((

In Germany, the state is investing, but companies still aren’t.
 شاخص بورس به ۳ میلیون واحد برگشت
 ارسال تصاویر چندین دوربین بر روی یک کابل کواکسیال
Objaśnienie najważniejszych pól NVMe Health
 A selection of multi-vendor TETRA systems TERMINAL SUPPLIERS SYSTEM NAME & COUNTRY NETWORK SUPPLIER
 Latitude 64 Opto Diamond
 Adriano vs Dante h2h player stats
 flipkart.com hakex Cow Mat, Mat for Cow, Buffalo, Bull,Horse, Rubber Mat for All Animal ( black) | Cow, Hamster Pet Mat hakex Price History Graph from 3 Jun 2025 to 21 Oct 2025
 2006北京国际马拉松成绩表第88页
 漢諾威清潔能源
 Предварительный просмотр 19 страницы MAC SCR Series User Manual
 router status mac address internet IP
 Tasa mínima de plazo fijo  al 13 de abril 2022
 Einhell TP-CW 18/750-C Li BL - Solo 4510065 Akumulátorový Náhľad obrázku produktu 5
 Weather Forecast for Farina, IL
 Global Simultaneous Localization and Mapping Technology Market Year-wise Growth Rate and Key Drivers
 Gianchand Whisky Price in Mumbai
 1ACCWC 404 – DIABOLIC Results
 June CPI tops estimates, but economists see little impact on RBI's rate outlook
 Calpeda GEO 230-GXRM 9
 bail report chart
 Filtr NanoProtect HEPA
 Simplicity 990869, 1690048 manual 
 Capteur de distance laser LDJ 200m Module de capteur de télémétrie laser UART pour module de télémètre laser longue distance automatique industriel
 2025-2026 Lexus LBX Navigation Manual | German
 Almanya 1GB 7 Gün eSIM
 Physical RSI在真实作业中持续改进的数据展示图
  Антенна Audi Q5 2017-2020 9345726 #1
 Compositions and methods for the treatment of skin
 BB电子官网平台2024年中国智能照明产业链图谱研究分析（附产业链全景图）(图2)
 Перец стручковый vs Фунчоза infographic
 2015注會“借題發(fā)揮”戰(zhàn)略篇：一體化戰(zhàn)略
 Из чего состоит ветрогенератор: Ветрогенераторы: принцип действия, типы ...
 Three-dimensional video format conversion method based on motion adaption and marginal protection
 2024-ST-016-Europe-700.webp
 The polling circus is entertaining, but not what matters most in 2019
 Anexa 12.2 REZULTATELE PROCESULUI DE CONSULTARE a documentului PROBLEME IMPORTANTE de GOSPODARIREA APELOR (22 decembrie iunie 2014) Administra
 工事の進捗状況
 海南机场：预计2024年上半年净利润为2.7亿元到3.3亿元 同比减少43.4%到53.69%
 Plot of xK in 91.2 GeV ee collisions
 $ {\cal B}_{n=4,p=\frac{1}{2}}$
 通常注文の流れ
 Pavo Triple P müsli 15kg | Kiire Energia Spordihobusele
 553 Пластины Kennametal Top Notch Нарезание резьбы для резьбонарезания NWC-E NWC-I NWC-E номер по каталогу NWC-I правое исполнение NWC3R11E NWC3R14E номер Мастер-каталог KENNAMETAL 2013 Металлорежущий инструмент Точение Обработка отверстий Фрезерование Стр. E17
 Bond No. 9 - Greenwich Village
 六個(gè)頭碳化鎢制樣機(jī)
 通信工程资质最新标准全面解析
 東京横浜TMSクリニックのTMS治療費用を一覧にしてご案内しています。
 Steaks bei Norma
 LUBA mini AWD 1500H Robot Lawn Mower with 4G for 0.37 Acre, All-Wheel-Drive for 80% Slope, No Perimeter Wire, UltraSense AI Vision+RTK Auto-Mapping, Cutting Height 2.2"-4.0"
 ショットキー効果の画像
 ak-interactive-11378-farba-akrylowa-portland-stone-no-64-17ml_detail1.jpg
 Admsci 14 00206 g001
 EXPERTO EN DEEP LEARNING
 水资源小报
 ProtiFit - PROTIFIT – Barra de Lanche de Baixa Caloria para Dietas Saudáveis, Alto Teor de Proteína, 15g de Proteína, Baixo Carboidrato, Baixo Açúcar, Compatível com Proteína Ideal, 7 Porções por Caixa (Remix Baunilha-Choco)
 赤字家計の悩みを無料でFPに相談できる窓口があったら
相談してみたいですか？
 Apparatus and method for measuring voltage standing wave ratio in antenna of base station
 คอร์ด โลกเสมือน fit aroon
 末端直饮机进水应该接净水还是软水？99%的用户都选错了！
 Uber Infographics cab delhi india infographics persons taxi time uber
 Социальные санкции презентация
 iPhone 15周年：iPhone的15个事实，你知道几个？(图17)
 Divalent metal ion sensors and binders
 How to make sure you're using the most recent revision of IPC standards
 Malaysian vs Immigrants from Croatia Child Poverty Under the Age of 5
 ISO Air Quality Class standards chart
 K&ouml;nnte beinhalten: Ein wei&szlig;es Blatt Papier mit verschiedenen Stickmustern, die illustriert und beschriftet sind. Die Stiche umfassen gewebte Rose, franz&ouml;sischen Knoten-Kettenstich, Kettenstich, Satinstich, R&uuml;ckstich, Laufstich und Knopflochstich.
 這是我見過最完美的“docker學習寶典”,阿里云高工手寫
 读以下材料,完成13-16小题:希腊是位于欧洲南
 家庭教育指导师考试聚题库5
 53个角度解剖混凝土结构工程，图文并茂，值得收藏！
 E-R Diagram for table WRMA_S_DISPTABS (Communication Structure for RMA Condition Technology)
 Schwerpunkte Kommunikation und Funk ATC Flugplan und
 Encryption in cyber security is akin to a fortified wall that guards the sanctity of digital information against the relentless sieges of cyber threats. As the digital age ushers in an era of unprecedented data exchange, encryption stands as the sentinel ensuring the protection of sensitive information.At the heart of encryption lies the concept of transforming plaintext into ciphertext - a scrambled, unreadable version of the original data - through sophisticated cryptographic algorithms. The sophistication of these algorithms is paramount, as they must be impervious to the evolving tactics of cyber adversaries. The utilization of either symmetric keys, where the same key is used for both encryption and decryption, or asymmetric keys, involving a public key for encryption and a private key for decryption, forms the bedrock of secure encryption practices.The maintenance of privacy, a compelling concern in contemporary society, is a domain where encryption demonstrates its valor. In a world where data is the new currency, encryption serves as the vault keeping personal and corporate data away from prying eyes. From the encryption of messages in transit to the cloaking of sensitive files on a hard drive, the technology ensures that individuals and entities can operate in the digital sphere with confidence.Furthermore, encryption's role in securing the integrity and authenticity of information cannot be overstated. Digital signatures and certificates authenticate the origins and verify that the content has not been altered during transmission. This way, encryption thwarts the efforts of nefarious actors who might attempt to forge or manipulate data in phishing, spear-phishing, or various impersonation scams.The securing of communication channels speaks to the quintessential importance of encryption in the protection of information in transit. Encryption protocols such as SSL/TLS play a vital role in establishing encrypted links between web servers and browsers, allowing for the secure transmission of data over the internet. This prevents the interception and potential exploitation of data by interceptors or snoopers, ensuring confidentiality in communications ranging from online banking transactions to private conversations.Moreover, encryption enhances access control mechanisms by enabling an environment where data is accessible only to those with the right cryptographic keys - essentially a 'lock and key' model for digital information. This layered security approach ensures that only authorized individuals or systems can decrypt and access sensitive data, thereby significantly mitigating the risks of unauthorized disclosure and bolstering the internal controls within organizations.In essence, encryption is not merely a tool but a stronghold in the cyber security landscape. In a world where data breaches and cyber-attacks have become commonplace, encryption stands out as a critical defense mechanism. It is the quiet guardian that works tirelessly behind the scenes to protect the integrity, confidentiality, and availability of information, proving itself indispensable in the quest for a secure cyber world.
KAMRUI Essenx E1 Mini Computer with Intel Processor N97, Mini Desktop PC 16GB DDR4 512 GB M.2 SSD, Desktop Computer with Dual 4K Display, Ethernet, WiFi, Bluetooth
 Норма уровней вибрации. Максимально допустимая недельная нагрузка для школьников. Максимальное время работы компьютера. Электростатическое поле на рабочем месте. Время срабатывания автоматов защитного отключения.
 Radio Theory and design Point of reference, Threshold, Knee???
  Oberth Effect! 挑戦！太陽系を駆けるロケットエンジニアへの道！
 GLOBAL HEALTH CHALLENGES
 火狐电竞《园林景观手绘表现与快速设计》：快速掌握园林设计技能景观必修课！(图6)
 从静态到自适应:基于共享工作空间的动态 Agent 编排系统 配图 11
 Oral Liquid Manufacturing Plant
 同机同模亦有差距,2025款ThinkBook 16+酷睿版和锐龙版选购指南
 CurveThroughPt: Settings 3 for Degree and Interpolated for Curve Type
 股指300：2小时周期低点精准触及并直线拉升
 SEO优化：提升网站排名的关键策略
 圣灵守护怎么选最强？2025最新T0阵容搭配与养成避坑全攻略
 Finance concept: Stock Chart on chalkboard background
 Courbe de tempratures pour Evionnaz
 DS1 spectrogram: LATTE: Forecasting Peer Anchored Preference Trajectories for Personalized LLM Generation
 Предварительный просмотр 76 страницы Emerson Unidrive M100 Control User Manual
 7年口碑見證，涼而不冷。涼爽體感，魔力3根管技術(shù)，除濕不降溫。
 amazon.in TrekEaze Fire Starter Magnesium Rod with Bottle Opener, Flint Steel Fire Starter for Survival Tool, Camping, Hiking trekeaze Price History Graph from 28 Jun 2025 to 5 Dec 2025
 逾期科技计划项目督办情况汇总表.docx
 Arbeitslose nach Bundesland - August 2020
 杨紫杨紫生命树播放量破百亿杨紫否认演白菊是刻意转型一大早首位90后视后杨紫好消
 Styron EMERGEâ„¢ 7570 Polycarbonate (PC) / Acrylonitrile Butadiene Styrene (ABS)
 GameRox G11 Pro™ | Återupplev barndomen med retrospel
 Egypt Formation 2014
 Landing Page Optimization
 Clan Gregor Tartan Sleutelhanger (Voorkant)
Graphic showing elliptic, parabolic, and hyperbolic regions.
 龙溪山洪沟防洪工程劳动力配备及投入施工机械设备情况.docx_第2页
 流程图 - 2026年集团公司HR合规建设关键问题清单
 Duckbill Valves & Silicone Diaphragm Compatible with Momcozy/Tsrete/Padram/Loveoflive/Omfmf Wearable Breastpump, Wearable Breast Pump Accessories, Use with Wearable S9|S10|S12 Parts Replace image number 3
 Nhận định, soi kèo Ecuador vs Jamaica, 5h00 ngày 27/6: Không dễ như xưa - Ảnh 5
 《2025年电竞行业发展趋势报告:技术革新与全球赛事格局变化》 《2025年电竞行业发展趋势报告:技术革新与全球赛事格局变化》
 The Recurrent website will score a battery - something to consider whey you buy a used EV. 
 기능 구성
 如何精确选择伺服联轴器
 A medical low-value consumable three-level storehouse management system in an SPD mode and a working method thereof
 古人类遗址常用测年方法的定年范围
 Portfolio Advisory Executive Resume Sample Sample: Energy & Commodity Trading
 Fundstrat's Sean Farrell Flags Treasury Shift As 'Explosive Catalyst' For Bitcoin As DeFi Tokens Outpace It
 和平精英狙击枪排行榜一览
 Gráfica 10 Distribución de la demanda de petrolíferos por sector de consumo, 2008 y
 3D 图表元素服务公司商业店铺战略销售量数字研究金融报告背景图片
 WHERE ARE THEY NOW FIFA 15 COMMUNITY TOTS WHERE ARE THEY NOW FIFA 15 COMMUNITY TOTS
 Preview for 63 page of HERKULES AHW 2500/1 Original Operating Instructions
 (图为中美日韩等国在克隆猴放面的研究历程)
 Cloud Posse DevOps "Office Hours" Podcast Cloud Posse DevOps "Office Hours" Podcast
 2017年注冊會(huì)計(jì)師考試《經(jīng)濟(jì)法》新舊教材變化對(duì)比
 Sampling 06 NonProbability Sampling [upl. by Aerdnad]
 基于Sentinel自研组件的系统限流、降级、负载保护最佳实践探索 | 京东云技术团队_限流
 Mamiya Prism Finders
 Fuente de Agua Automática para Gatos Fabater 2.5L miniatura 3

))

## Task
All that belongs in your answer is the stretch of entries above from the line with "DS1 spectrogram: LATTE: Forecasting" through the line with "流程图 - 2026年集团公司HR合规建设关键问题清单", printed exactly.

## Solution to this exercise
 DS1 spectrogram: LATTE: Forecasting Peer Anchored Preference Trajectories for Personalized LLM Generation
 Предварительный просмотр 76 страницы Emerson Unidrive M100 Control User Manual
 7年口碑見證，涼而不冷。涼爽體感，魔力3根管技術(shù)，除濕不降溫。
 amazon.in TrekEaze Fire Starter Magnesium Rod with Bottle Opener, Flint Steel Fire Starter for Survival Tool, Camping, Hiking trekeaze Price History Graph from 28 Jun 2025 to 5 Dec 2025
 逾期科技计划项目督办情况汇总表.docx
 Arbeitslose nach Bundesland - August 2020
 杨紫杨紫生命树播放量破百亿杨紫否认演白菊是刻意转型一大早首位90后视后杨紫好消
 Styron EMERGEâ„¢ 7570 Polycarbonate (PC) / Acrylonitrile Butadiene Styrene (ABS)
 GameRox G11 Pro™ | Återupplev barndomen med retrospel
 Egypt Formation 2014
 Landing Page Optimization
 Clan Gregor Tartan Sleutelhanger (Voorkant)
Graphic showing elliptic, parabolic, and hyperbolic regions.
 龙溪山洪沟防洪工程劳动力配备及投入施工机械设备情况.docx_第2页
 流程图 - 2026年集团公司HR合规建设关键问题清单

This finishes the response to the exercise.